Alex Steer

Better communication through data / about / archive

Use data as a pogo stick, not a crutch

770 words | ~4 min

Years ago, when they said that social media would kill advertising, I imagined they were talking about the decline of the full-page print ad or the thirty-second spot. Now I realise what they meant. Open Twitter during Cannes week and you will see half the industry there, gleefully beating itself to death in full view of its clients.

From the tenor of the conversation, you would honestly believe that all advertising were a doomed enterprise. We are no longer creative, we do not have the ear of our clients, and the public do not care for us. The nation's tellies go unwatched, its cinemas are empty, its billboards tatter at the edges. What's physical is irrelevant, what's digital is fraudulent, and our influencers aren't influencing. We are blocked, bagged, ripped off, subscribed around, non-viewable, unfit for platform. Our impressions are not impressive.

Imagine being a marketer and reading this. Better yet, imagine being one of the professional services or technology companies treading the fringes of our trade, who do not seem to share our lack of confidence in the commercial value of what we do.

Data, apparently, is to blame. Data - the mere having of it - drives out original thinking, latching itself to businesses like carbon monoxide, preventing the fragile oxygen of creativity from having a chance. My fellow number-curmudgeons and I have ruined everything with our spreadsheets and our models and our research and our maths. Our dreadful machines have forced out all that is good and replaced it with (always, in this diatribe) a pair of shoes that follow you round the internet. We are fools for letting it happen to us, and our clients are fools for buying it.

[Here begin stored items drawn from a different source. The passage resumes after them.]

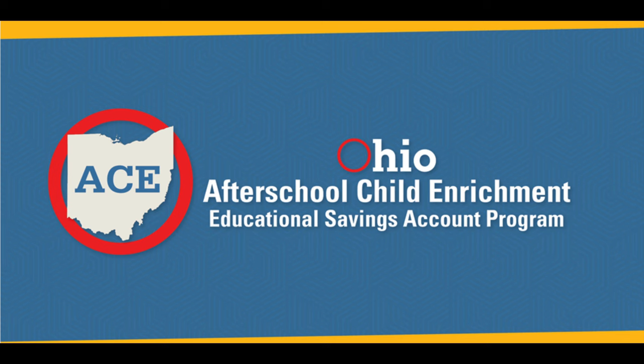The first step to apply for the ACE account is to create an OHID. You will need an OHID to access the ACE application. If you already have an OHID account, you can skip over this section of the video and go directly to setting up your ACE application.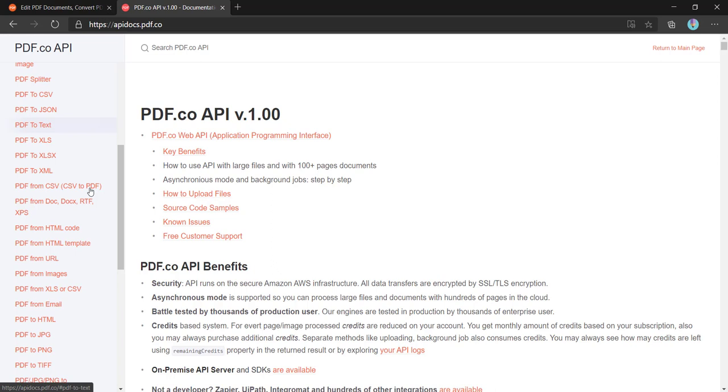JSON, text, XLS, XML, etc., it provides endpoints for them. For this extraction, we can either convert the whole PDF to this format or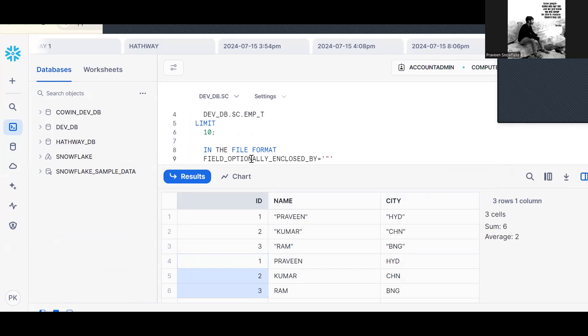If it is single quote, we should put single quote. By this parameter, we can remove the double quotes.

In the words of that Sony ad: balls.

Sorry, but time's up. On blaming data for lack of bravery, on pummelling our industry in public, on treating our clients like fools for choosing us, and on the 'two tribes' mentality that treats our creative and our analytical people as opponents rather than collaborators.

No industry in the world evolves and adapts like ours. There are strains of the ebola virus with less agility and will to survive. The things we tell our clients to do every day - think round corners, organise around people, move fast with a sense of direction - are the things we do ourselves. In doing so, we create disproportionate, unfair, unreasonable gains for our clients, vastly in excess of the fire-sale value of their corporate assets. Only communications improves the value of a company merely by adjusting the perceptions of its would-be buyers. The financial value of the world's top hundred brands has more than doubled in the last decade while we sit here wondering if what we do makes any difference.

So don't tell me that data is ruining it. Analytics - the intelligent use of data - is the fastest route past the ordinary that I know. If all data told you was how to be safe and how to stay the same, there'd be no call for it. Looking deeply, clearly and thoughtfully at the numbers generated by a business, its audiences and its advertising lets us spot the un-obvious things that will lead to growth. What better way to find the space for creativity to transform our experience of a brand, whether shared or personal? What better stimulus to make something genuinely new?

But to do that, we need to be proud of our data side, and we need to hire and retain people who bring that analytical talent - human curiosity with statistical integrity - to work with them every day. To hire people who use data as a pogo stick, not a crutch - and who encourage their clients to do the same.

Our clients are as brave as we empower them to be - braver, often, since they have to stare down their sceptics across the boardroom table and defend our ideas. If we pick holes in the safety net, are we that surprised when they don't jump?

It's time to stop treating ignorance of analytics as a virtue. It doesn't make you more creative, it just makes it more likely that you're pointing your brilliance in the wrong direction. We have a vast amount of knowledge about how communications drives growth - more than our clients, more than our competitors. Let's teach our creatives to stand up for the value of evidence, our analysts and technologists the value of ideas. And let's show our clients that an agency - by definition a collection of do-ers - is a thing worth being proud of.